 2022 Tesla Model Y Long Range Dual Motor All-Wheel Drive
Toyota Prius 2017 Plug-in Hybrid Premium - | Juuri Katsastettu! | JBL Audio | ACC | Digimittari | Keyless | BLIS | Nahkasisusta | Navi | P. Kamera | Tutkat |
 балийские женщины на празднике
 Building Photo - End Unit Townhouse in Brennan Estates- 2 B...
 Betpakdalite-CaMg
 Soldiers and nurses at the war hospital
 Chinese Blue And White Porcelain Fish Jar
---
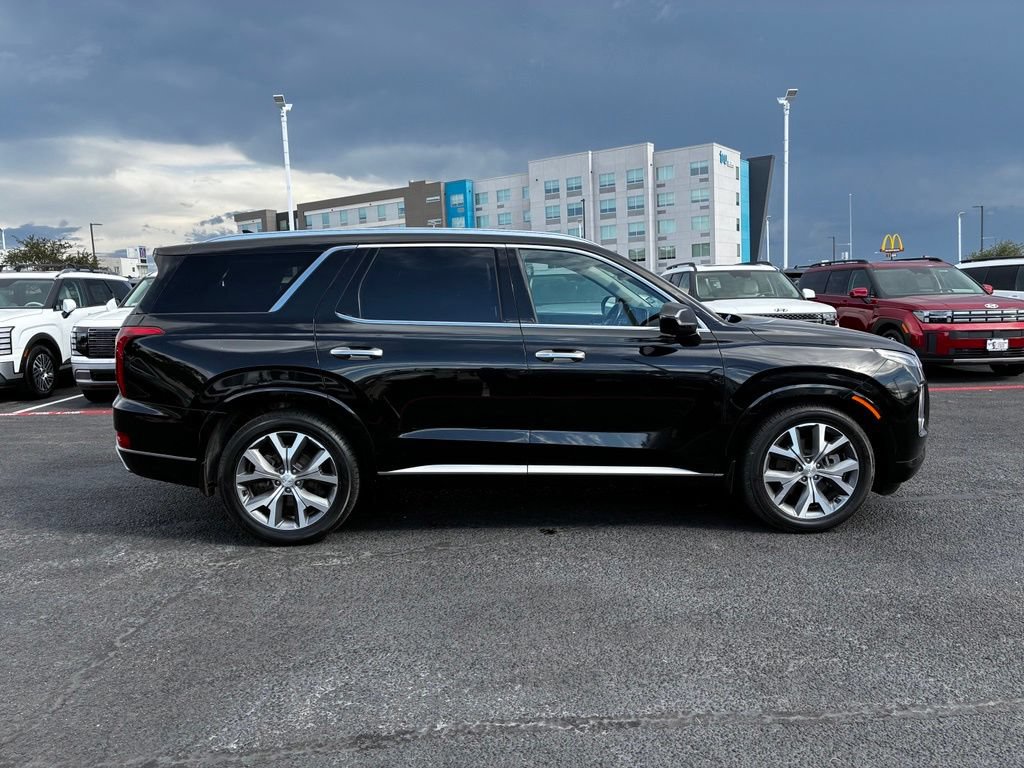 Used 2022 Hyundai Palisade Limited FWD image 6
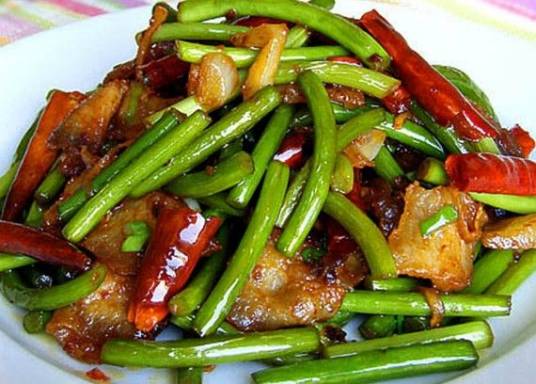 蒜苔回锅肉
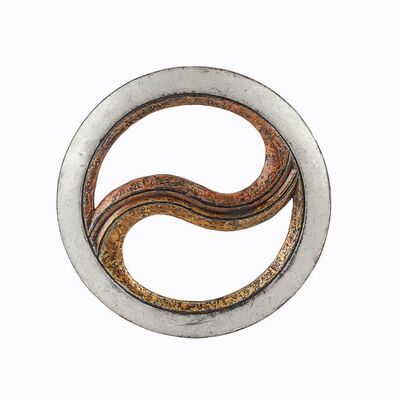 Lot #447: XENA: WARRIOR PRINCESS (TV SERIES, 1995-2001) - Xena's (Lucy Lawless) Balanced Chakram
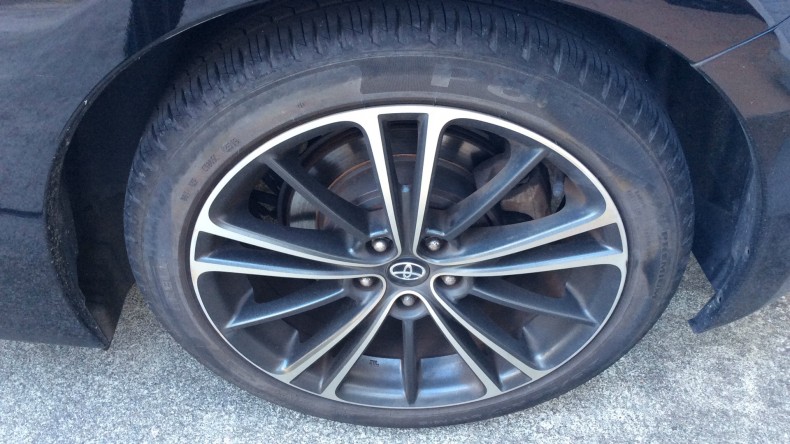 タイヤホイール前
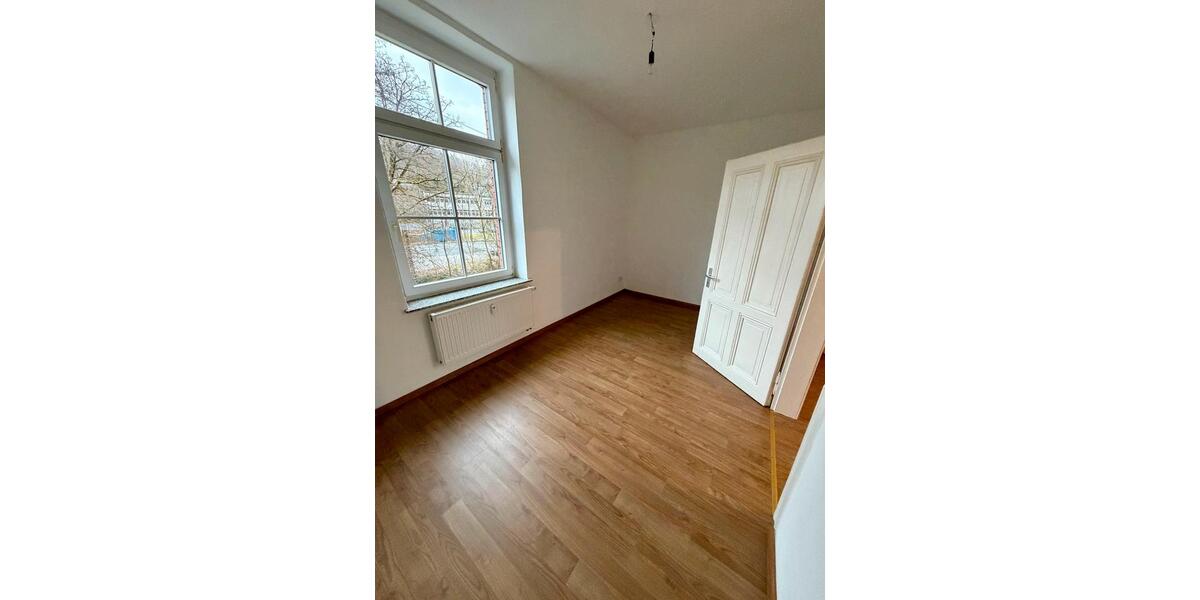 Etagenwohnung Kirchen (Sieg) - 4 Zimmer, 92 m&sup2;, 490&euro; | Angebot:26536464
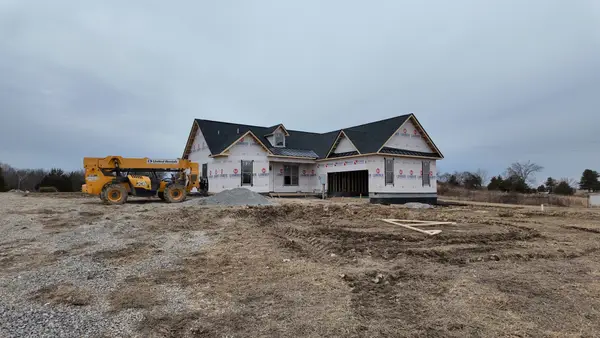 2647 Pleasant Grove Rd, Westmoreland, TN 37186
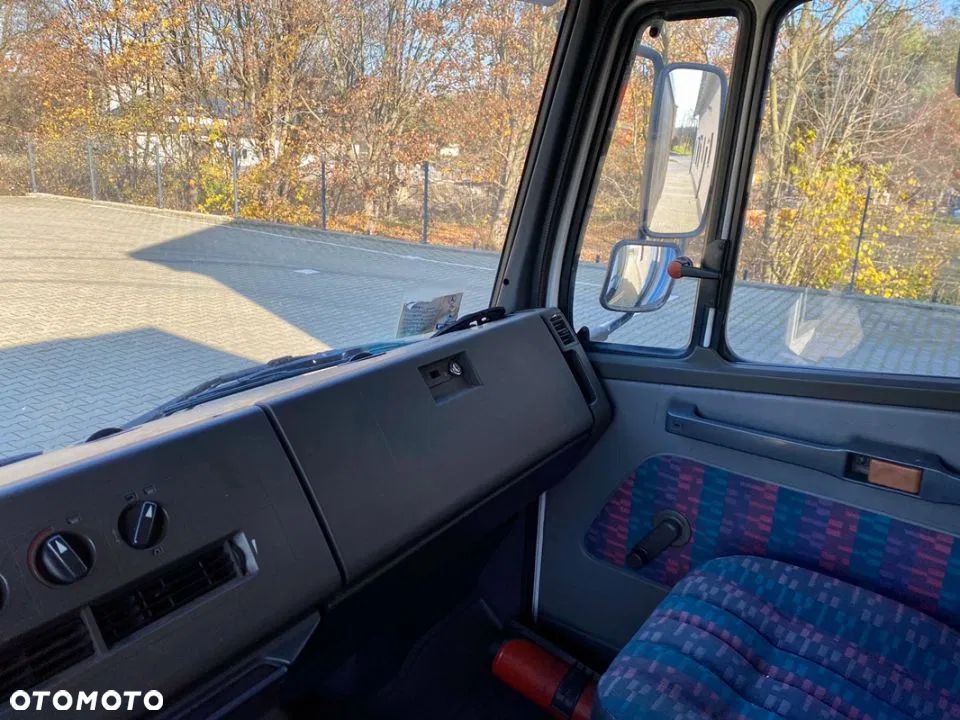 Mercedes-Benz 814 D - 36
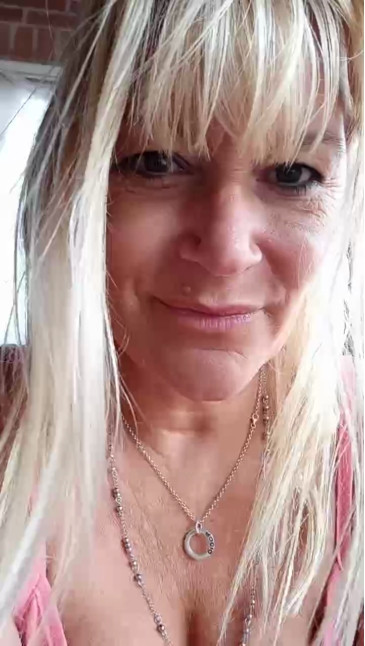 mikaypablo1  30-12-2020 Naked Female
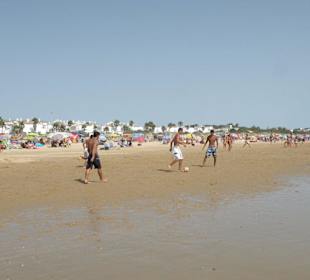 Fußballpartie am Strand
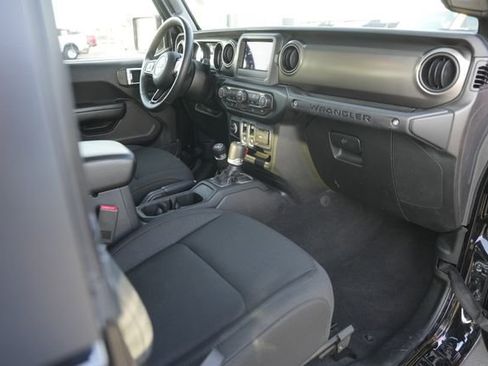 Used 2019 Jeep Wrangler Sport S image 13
==
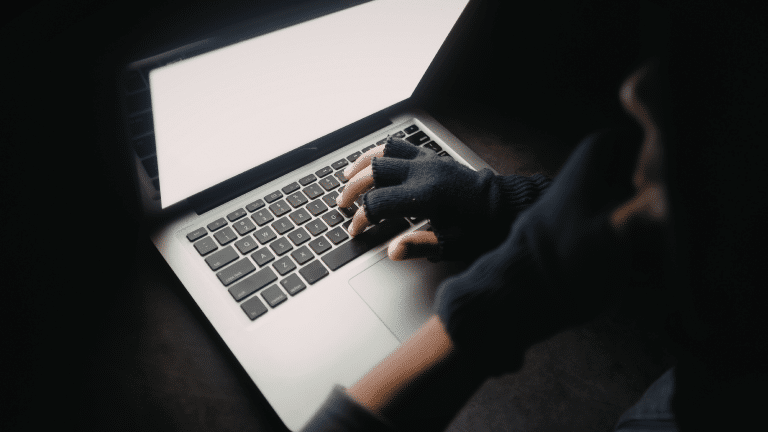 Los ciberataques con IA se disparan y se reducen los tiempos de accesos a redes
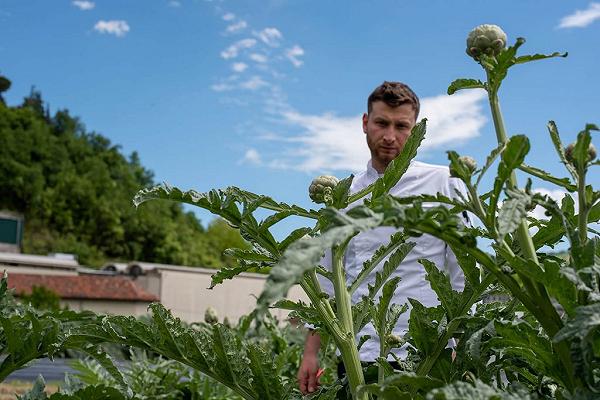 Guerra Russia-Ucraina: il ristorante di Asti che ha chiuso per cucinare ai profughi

__Task details__:
Up in the listing, locate the line with "Etagenwohnung Kirchen (Sieg)"; print it and every line after it down to the line with "Used 2019 Jeep Wrangler Sport S image 13", which is included too. Skip the pictures.

__The completed task__:
 Etagenwohnung Kirchen (Sieg) - 4 Zimmer, 92 m&sup2;, 490&euro; | Angebot:26536464
 2647 Pleasant Grove Rd, Westmoreland, TN 37186
 Mercedes-Benz 814 D - 36
 mikaypablo1  30-12-2020 Naked Female
 Fußballpartie am Strand
 Used 2019 Jeep Wrangler Sport S image 13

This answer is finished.